Although 2016 will not be remembered as a fruitful year
for classic new film scores, it produced more than the usual amount of
really strong music of the four-star variety from start to finish. Many
of the most satisfying scores belonged within franchises, but these
entries managed to steer the sound of those concepts towards
intelligently fresh realms.
Multiple four-star scores cracked the top five this year, and it's safe
to say that none of this year's best could have competed favorably
against the triumphant winner of 2015, John Williams' Star Wars: The
Force Awakens.
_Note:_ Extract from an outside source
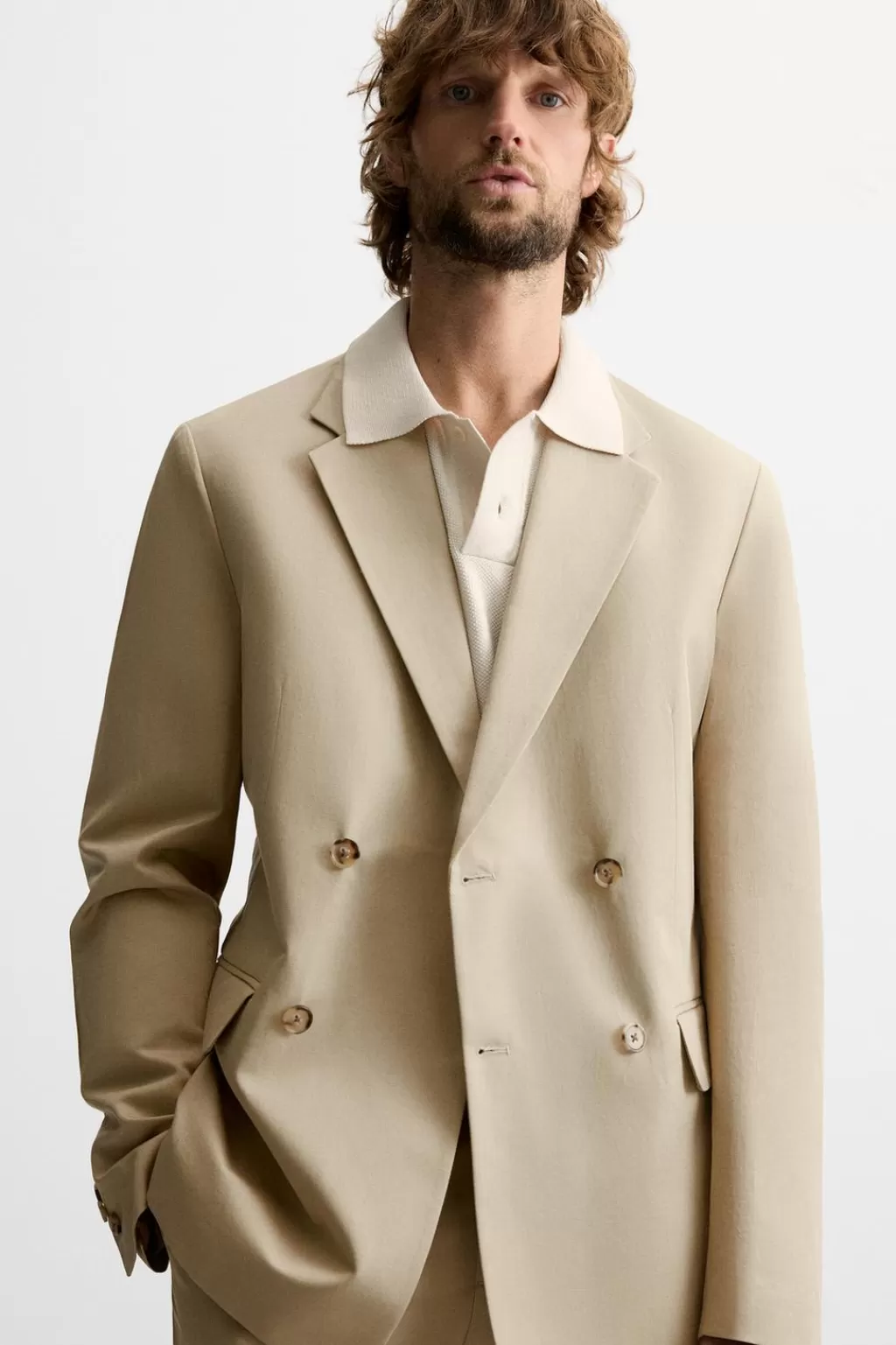 ZARA BLAZER TRAJE LINO - ALGODÓN<Hombre Blazers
But the selections offered here, while weighted
towards the genres of magnificent visceral appeal, still represent
outstanding music from all corners of the globe, especially Scandinavia
and the Far East.
The leader of the nomination count in 2016 is industry workhorse John
Debney, his four nominations well deserved and yielding a "Best
Composer" win. Earning three nominations apiece are Michael Giacchino,
James Newton Howard, and Panu Aaltio. Both Danny Elfman and Naoki Sato
enjoy multiple nominations as well. The year is a rare and final
instance in which John Williams, James Horner, Danny Elfman, and Hans
Zimmer will all be nominated together.
Far from being a "consensus year" like 2015, this
year produced a wide disparity in leading critic choices for the top
position. While Justin Hurwitz's musical,
La La Land, swept all
the major mainstream awards, the best music put to film in 2016 existed
for a comparatively little known Finnish nature documentary. Aaltio's
Tale of a Lake transcends its limited budget with incredible
melodic grace, delightful orchestrations, and a masterful recording mix.
The nominations for Aaltio this year are his first at Filmtracks.
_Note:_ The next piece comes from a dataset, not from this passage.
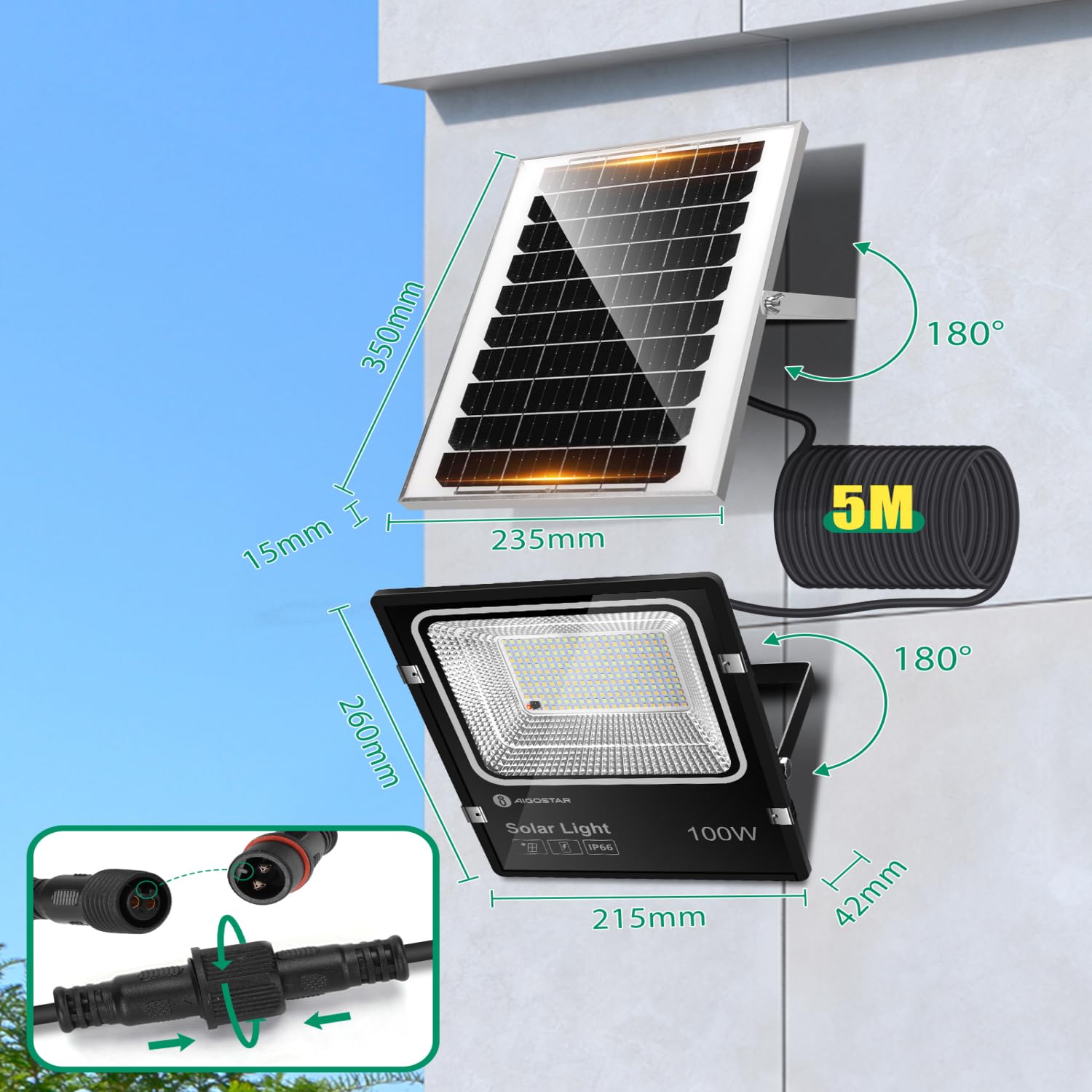 Aigostar - Foco solar exterior con mando a distancia,Cable de 5m.8000mAH,Batería de gran capacidad y gran panel solar.regulable 3000/4000/6500K. Uso interior/exterior IP66:jardín,patio,2 Piezas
Coming in a strong second place is Debney's
The Jungle Book,
an extremely gratifying modernization of an old favorite into the modern
adventure genre sound. Of nearly the same appeal are Howard's
Fantastic Beasts and Where to Find Them and Elfman's
Alice
Through the Looking Glass, two scores exhibiting the prime fantasy
mode of their composers. Rounding out the top five is
Assassination
Classroom: Graduation by Sato, who produced an insane amount of
music for various media in 2016; his sequel to this manga concept
supplied an unnecessarily engaging personality for its oddball topic.
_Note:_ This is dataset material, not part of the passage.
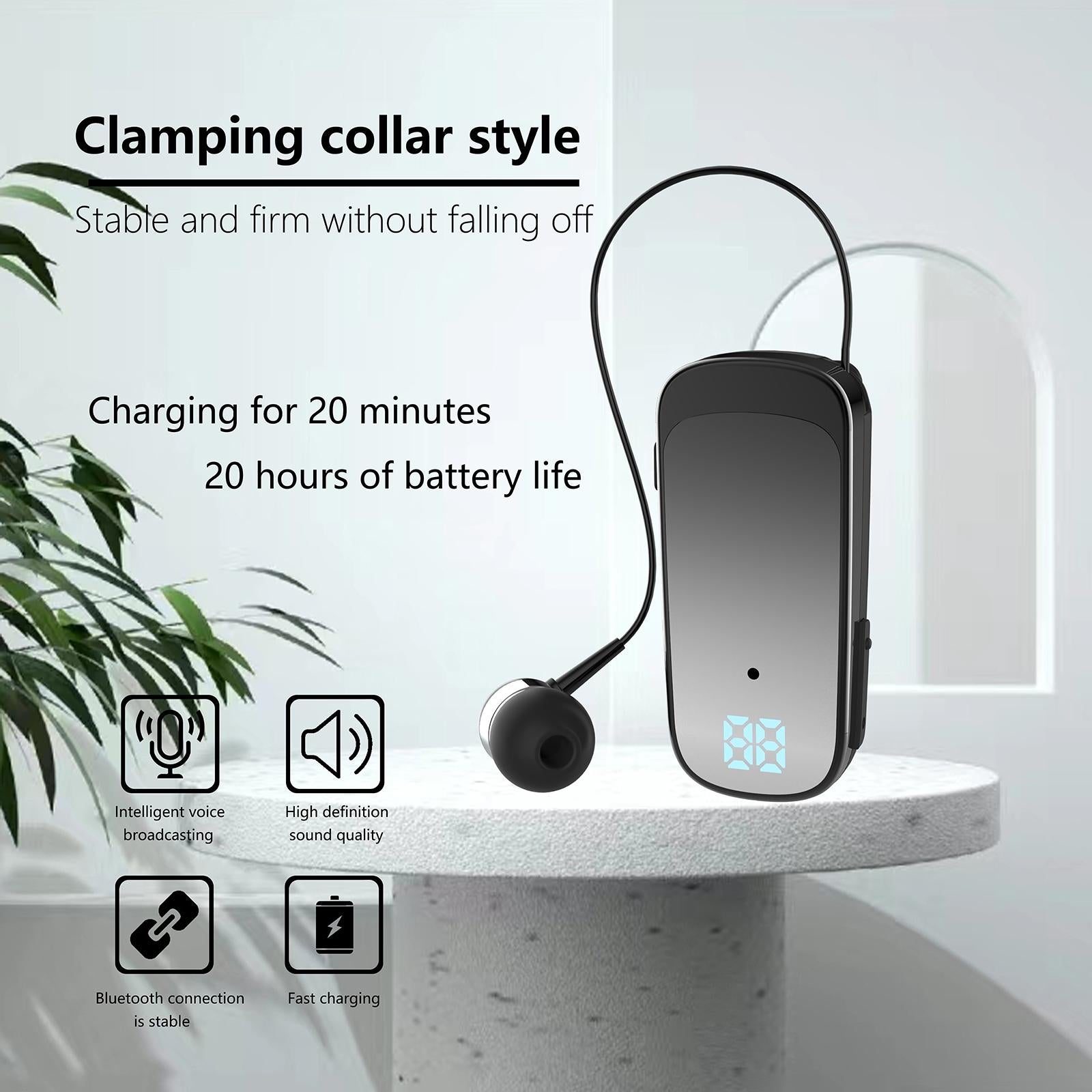K65 Wireless Business Earbuds - Retractable Cable - Green 8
All of these other four composers had previously been nominated in this
category. It is Elfman's seventh "Top Film Score" nod without a win,
by far the most such near-misses in Filmtracks history to date.
The unexpected runner-up of 2016 is Klaus Badelt's ethnically grand
Queen of the Desert, an epic failure of a film that technically
opened in 2015 but received its widest release a year later as studios
struggled to salvage the project. Just a step behind is another
resounding selection unreleased on album as of the time of these awards,
Debney's roaring and fun
League of Gods. Rounding out the top ten
as honorable mentions are
Moana, the best Disney musical in many
years, courtesy of Lin-Manuel Miranda, Opetaia Foa'I, and Mark Mancina,
The Last King (Birkebeinerne), the Norwegian historical
adventure/drama scored with evocative vocals and thunderous orchestral
tones by Gaute Storaas, and
The Light Between Oceans, Alexandre
Desplat's agonizingly precise blend of tumult and tenderness.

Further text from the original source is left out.